Directions
Word for word, restate all the records; images are not part of the copy.
++++++++++++++++++++
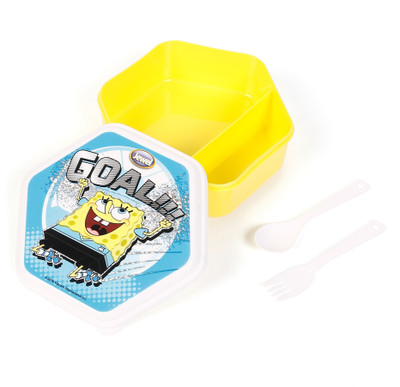 

Jewel Hexacon Character Sponge Bob 1 Containers Lunch Box(650 ml), Yellow;blue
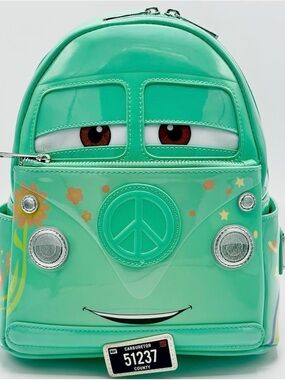 Loungefly Mint Green Hippie Van Mini Backpack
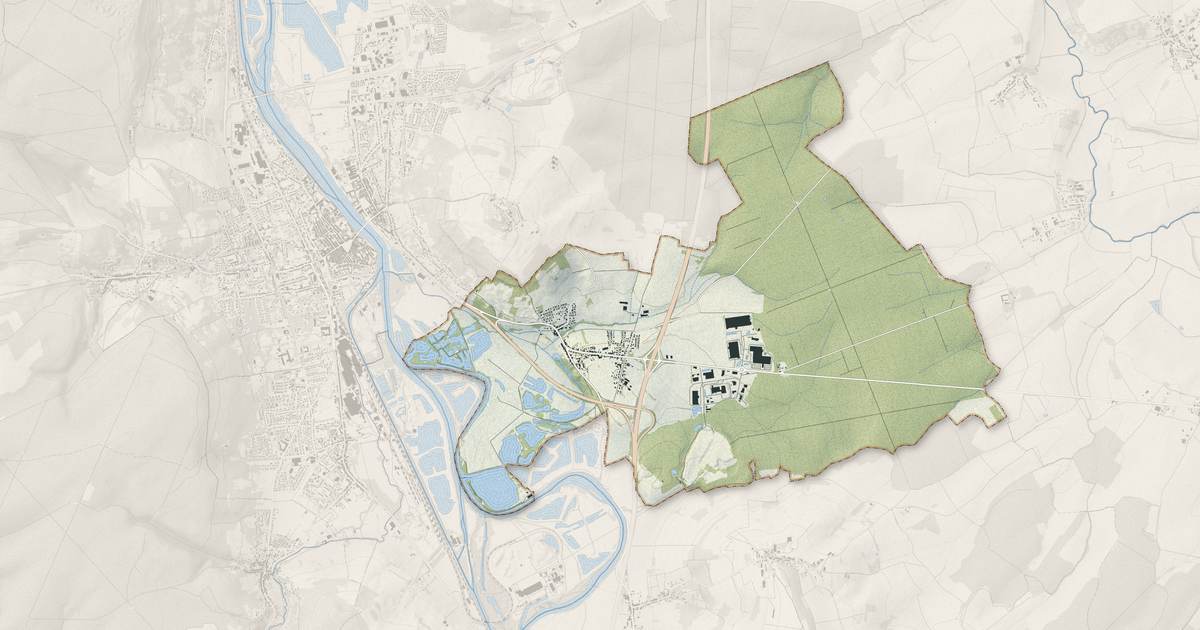Portrait cartographique de Atton : relief, eau, forêts, bâti et voies, calculés à partir des données de l'IGN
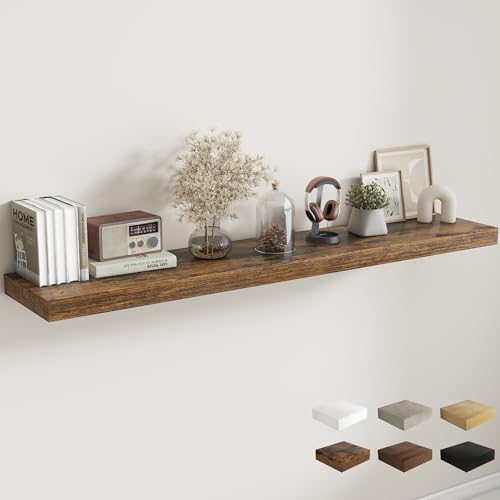 72 Inch Floating Shelves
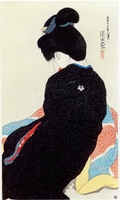 Footwarmer, from the series 'New Twelve Images of Beauties'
++++++++++++++++++++
Task answer
Jewel Hexacon Character Sponge Bob 1 Containers Lunch Box(650 ml), Yellow;blue
 Loungefly Mint Green Hippie Van Mini Backpack
Portrait cartographique de Atton : relief, eau, forêts, bâti et voies, calculés à partir des données de l'IGN
 72 Inch Floating Shelves
 Footwarmer, from the series 'New Twelve Images of Beauties'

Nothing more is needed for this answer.